With flow execution stopped, click on a component icon to edit its properties. The properties for this component will be displayed in the Details panel. Multiple instances of the same component with settable properties will each have properties to be set. Editing the properties of one will not change the properties of another. Component properties are saved when a flow is saved, and reloaded when the flow is loaded again.

Executing and Aborting Flows

Executing a flow is a straightforward operation. With the flow loaded in the Workspace, click once on the Run button in the Toolbar. Flow processing will send the request to execute the flow to the Meandre server.

Clicking the Abort button will send a request to abort the flow to the Meandre server. The aborted state may not be achieved immediately.

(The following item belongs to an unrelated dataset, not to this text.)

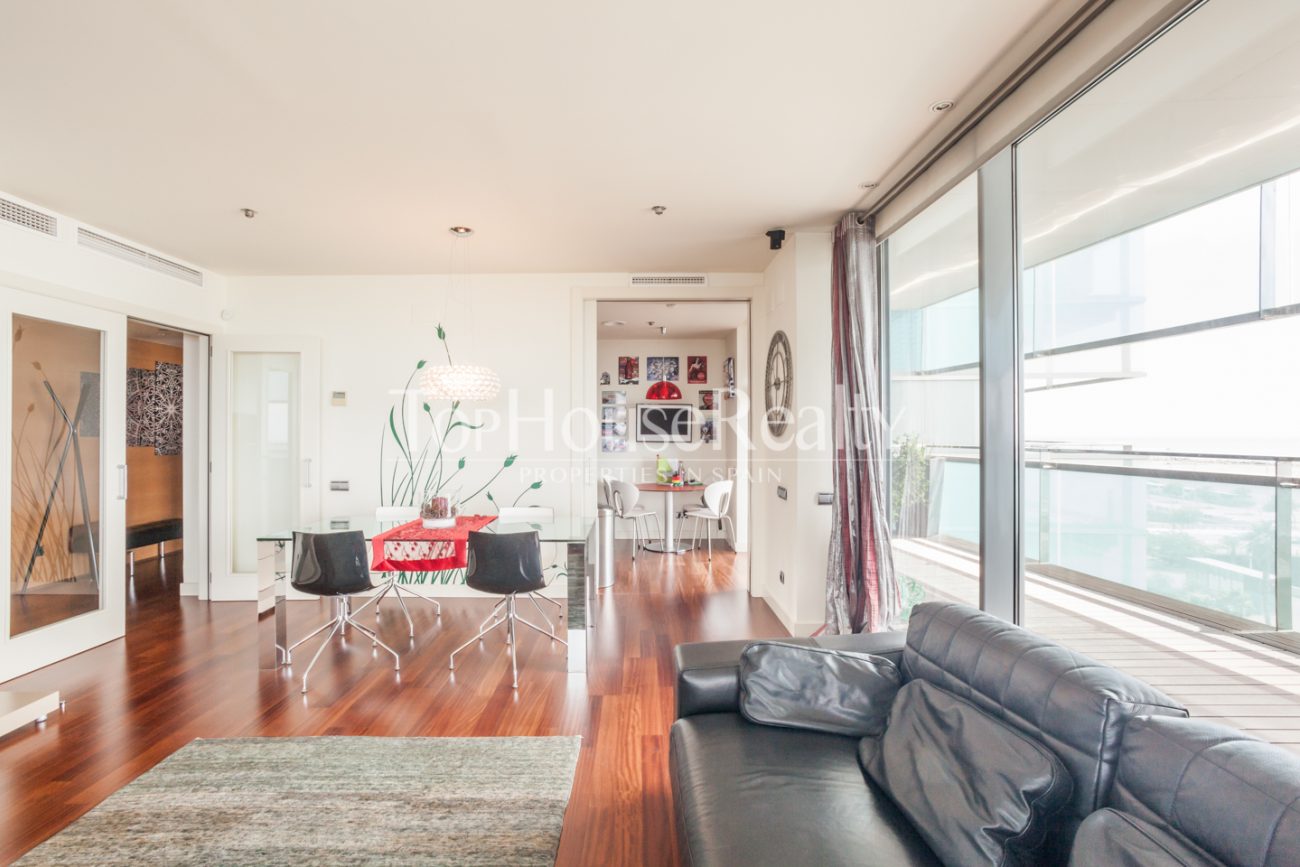 Exclusive flat by the sea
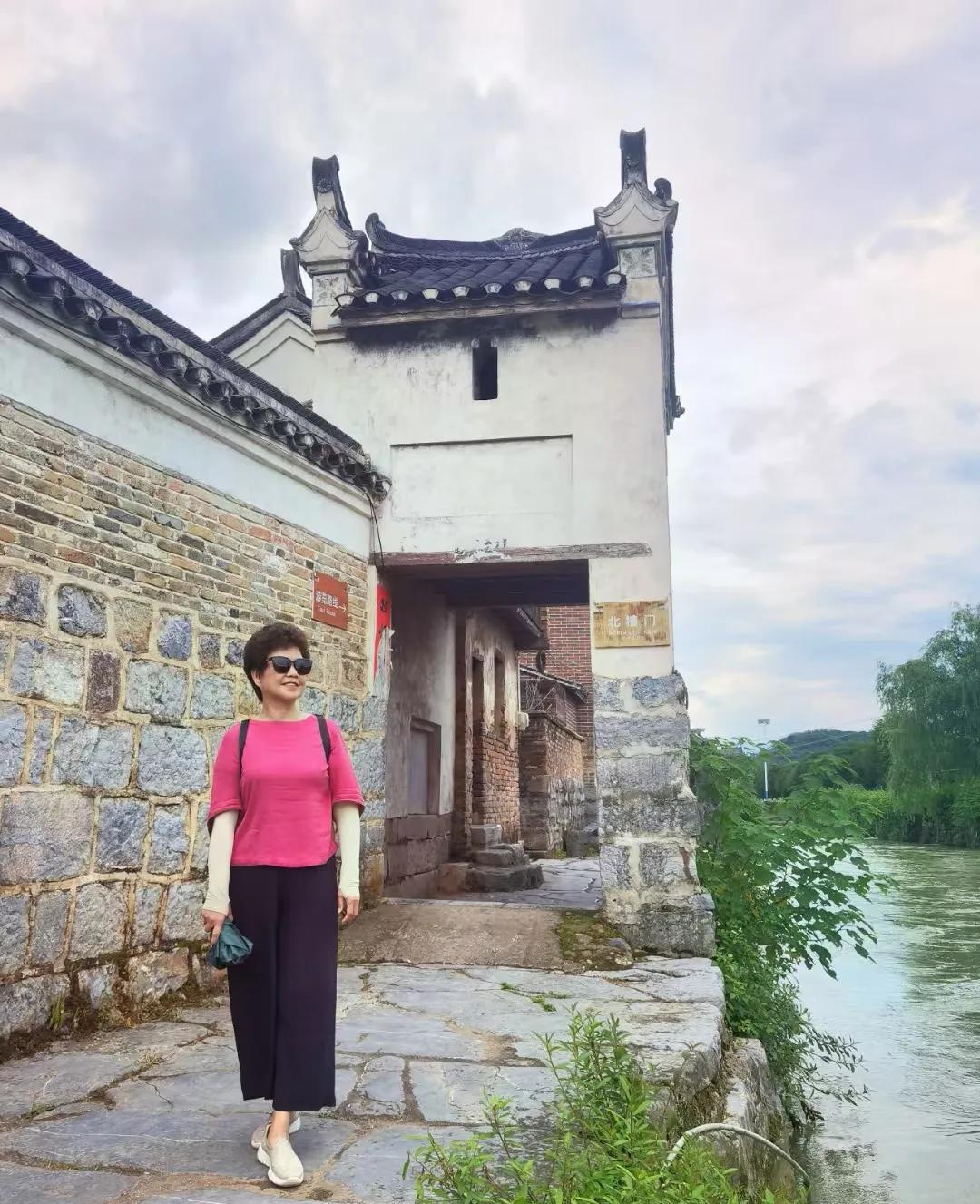 #分享夏日出游好去处#
《游瑶寨》
瑶寨藏诗画，千年岁月留。
古村遗旧韵，一步一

The Meandre server must first allow components to finish current operations before processing will be truly stopped.

In order to optimize flow performance, it may be desirable to visualize thread and component activity on the machine, or machines, executing your flow. Doing so can help identify bottlenecks and/or poorly allocated system resources. Such problems are hardest to troubleshoot in distributed computing situations. We will be working on features like this in the future.

Component Types

Components are organized into categories, enabling users to easily identify the functionality of any given component in an application. Each component can be specified in only one of these categories.

Input Component (#input)

Input components load data from files or databases. For example, components that read a file, crawl the Web, or read from a database would be I/O Components.

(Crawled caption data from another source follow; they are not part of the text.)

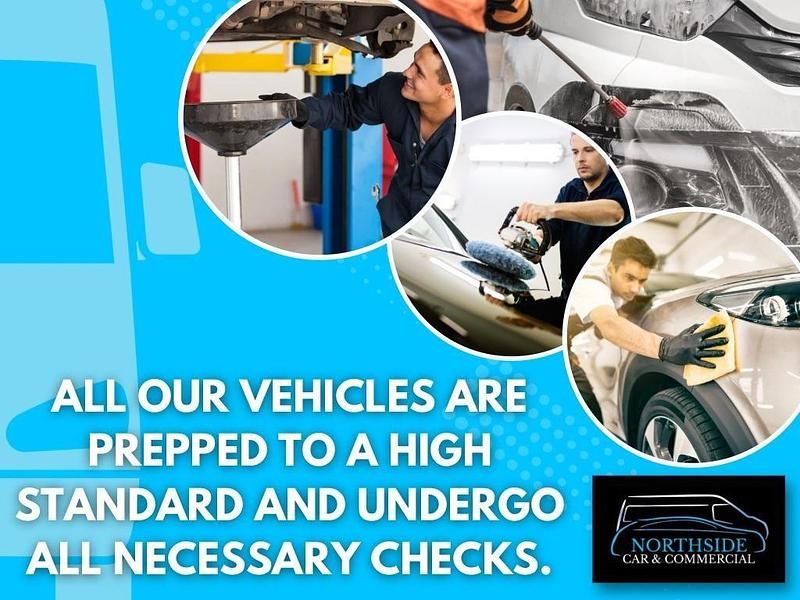 Used Toyota HiLux 150 HP (110 kW) 2023 White Pickup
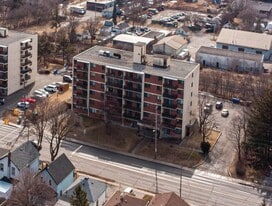 175 Bloor St W in Oshawa, ON - Building Photo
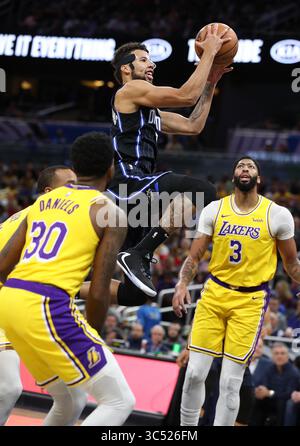 11 dicembre 2019, Orlando, Florida, Stati Uniti: La guardia di Orlando Michael Carter-Williams (top) supera l'attaccante Anthony Davis (3) e LA guardia Troy Daniels (30) durante la partita NBA dei Los Angeles Lakers all'Orlando Magic all'Amway Center di mercoledì 11 dicembre 2019. (Immagine di credito: © TNS via cavo ZUMA) Foto Stock
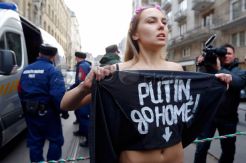 Setengah Telanjang, Aktivis Femen Protes Kedatangan Putin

Output Component (#output)

Output components save data to files or databases or show it to the user on the screen. For example, components that write files or print information to the console would also be Output Components.

Data Transformation Component (#transform)

Data Transformation components perform functions that prepare the data for analysis. Data selection, data cleaning, and data transformation algorithms would be of this type. For example, components that perform binning or normalization of data would be Transform Components.

Analytics Component (#analytics)

Analytics components typically perform the main calculations for the application. For example, algorithms used to solve data mining problems would be implemented as Analytics components.

Visualization Component (#vis)

Visualization components provide visual feedback to the user. For example, components that display a scatter plot graphical view of the data or a decision tree visualization of the data mining results would be Vis Components.

Control Component (Control Component)

Control components provide additional data flow control. For example, components that replicate a data object would be Control Components.